Wednesday, May 6, 2020

Judge Colt, The Wolf Man And Me

In her lifetime, my mother had relationships with (as far as I knew) three different men named Bob.

No, not at the same time!

Tonight’s post involves Bob #2, whom my mother courted briefly when I was 14.

Bob #2 had a stocky build that could have intimidated an introvert like me, but he also had a gentle, quiet disposition, evidenced by his soft blue eyes and tight-lipped smile. I never heard him raise his voice, and for that matter, never heard him laugh out loud, either. Despite his low-key mannerisms, he was quite colourful.

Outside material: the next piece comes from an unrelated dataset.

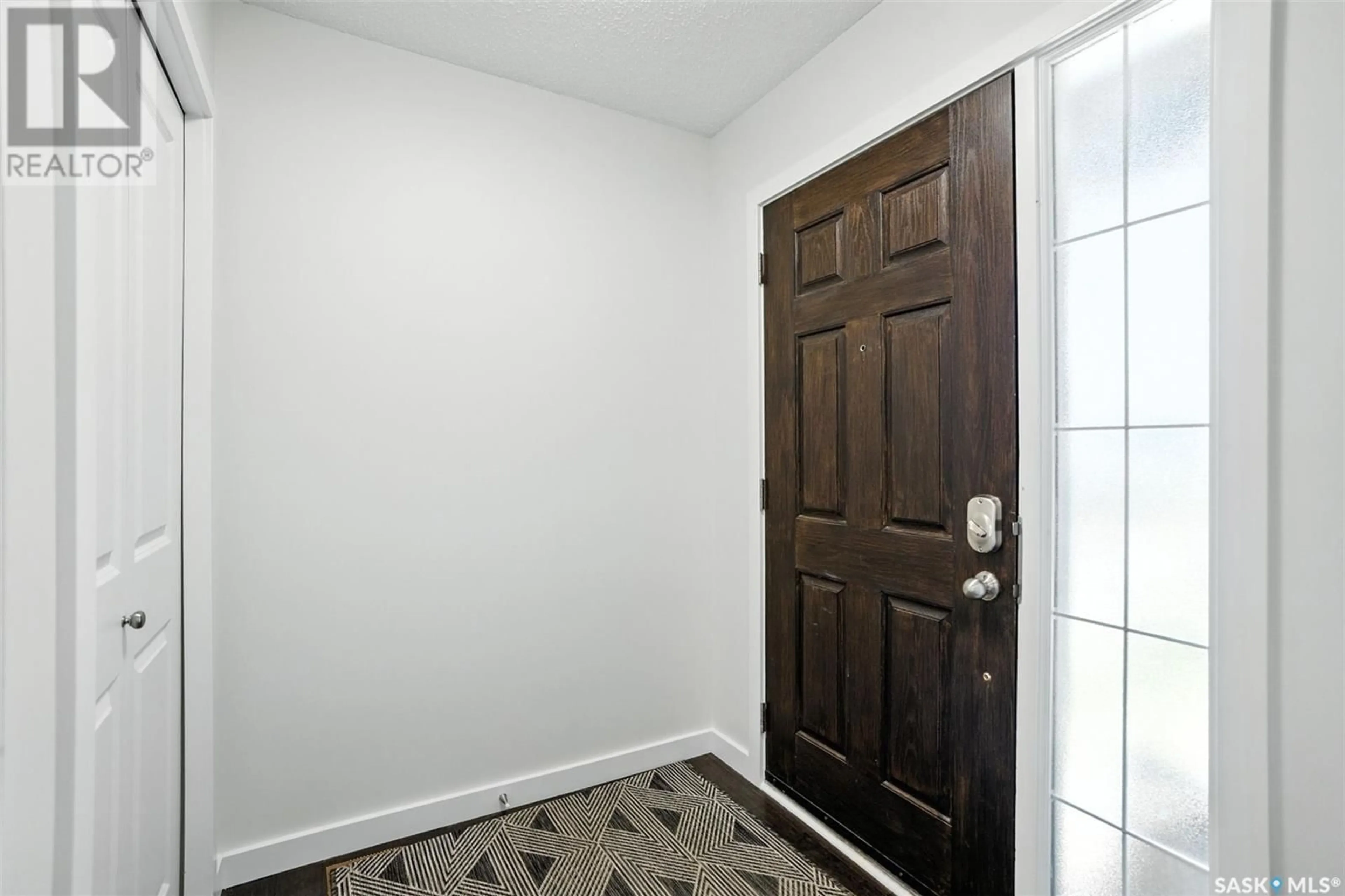 Indoor entryway for 410 - 303 LEDINGHAM WAY, Saskatoon Saskatchewan S7V0C4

He drove a rickety pickup truck that was one loose rivet from a “This could be you” warning in a highway safety film. He lived on one side of a two-story house that was partitioned in the middle of the main floor by a door-sized piece of Styrofoam. His elderly mother lived on the other side. A flannel blanket for a curtain covered his living room window. His kitchen was basically a workshop, where counters were adorned with wrenches and screwdrivers instead of strainers and can openers, save for the dish rack where cups and plates waited in vain to be cleaned. Sometimes, much to his chagrin, his mother would come over and do his dishes for him. One assumed she didn’t walk through the Styrofoam.

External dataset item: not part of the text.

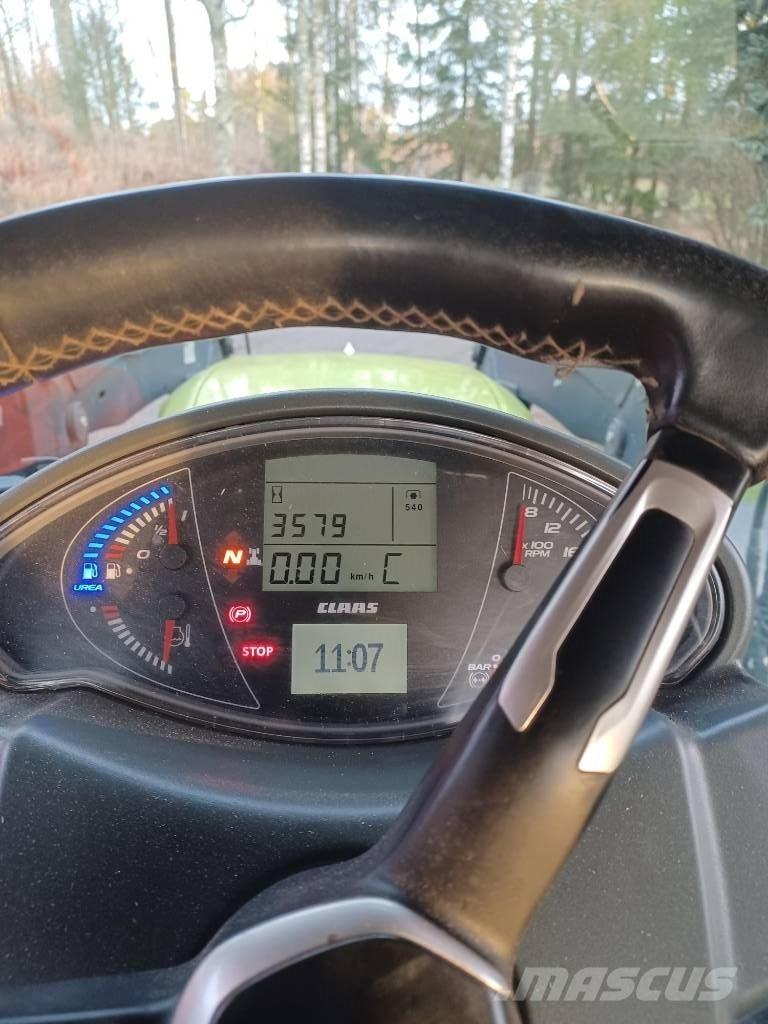 CLAAS Arion 530 Traktori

His drink of choice was rye and coke, which he always stirred with the little wooden pencil in his flannel shirt pocket. Always. Whenever he’d pour a new shot, we would offer him a spoon or a swizzle stick. Nope. The HB still came out. If pencils hadn’t been composed of graphite, he’d have had lead poisoning.

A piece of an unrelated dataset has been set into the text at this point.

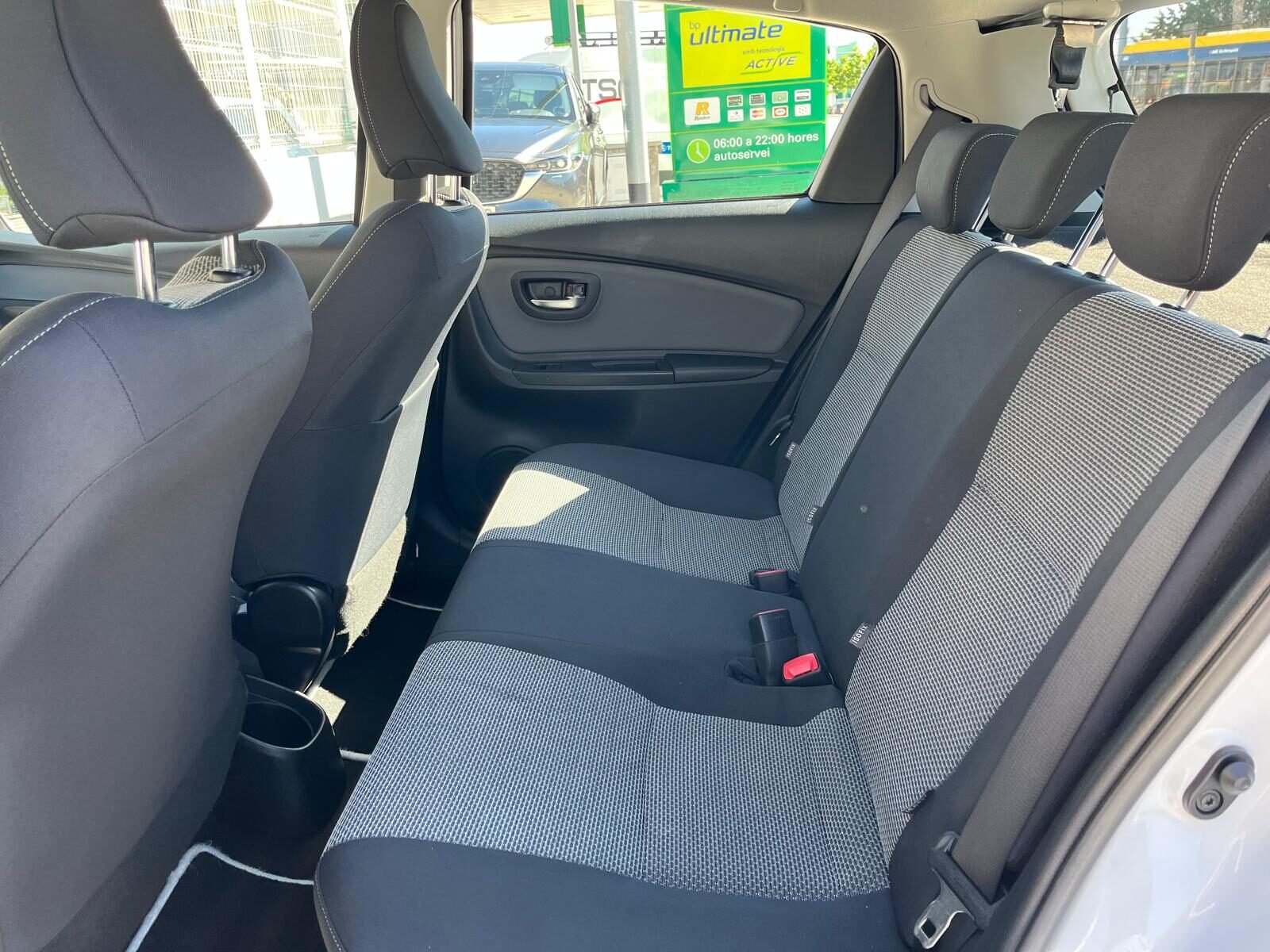 TOYOTA YARIS ACTIVE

Bob #2 had these lamb chop sideburns, which prompted me to nickname him Wolf Man. I didn’t intend to be spiteful. This was another of my ill-fated teenaged attempts at hiding awkwardness with humour. My demeanour would be taken the wrong way… but no wonder! Even so, in a few weeks, off went the lamb chops. (In the age our tale unfolds, the day’s fashion trends included leg warmers, purple hair and neon. Birdtown on the other hand, was still a decade or two behind the times. Sideburns and brown corduroy were still “in”. Even at this remove, you could still find hippies playing guitars downtown.)

By the way, these paragraphs weren’t meant as a putdown. I really did like the guy. These eccentric traits I found kind of endearing. The rebels and the oddballs of my native Birdtown always fascinated me. Anyone who shook up the town’s broomstick-derriered status quo was okay in my books.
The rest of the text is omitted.